[Collection entries]
*****

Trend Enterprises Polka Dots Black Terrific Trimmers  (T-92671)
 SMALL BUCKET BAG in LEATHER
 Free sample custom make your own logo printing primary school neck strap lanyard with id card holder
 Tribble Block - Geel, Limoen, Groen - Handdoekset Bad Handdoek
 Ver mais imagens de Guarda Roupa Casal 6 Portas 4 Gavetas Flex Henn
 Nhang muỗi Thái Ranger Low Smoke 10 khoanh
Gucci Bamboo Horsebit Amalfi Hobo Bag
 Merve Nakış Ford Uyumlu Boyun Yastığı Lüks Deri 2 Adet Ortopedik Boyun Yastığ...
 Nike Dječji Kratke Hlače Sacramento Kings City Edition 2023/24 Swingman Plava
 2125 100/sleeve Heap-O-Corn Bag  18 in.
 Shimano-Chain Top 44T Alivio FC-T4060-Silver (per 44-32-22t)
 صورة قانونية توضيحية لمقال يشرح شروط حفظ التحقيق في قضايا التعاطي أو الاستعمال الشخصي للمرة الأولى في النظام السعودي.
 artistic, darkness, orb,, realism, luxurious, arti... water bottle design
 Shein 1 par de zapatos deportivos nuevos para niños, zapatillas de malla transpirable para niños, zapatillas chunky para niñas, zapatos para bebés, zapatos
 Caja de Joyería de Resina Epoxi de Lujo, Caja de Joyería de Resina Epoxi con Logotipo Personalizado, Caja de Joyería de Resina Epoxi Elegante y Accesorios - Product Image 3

*****

- [Task to carry out]:
Please reproduce, word for word, every line from the line with "artistic, darkness, orb,, realism, luxurious, arti..." to the final line above, including both ends.

- [Completed task]:
 artistic, darkness, orb,, realism, luxurious, arti... water bottle design
 Shein 1 par de zapatos deportivos nuevos para niños, zapatillas de malla transpirable para niños, zapatillas chunky para niñas, zapatos para bebés, zapatos
 Caja de Joyería de Resina Epoxi de Lujo, Caja de Joyería de Resina Epoxi con Logotipo Personalizado, Caja de Joyería de Resina Epoxi Elegante y Accesorios - Product Image 3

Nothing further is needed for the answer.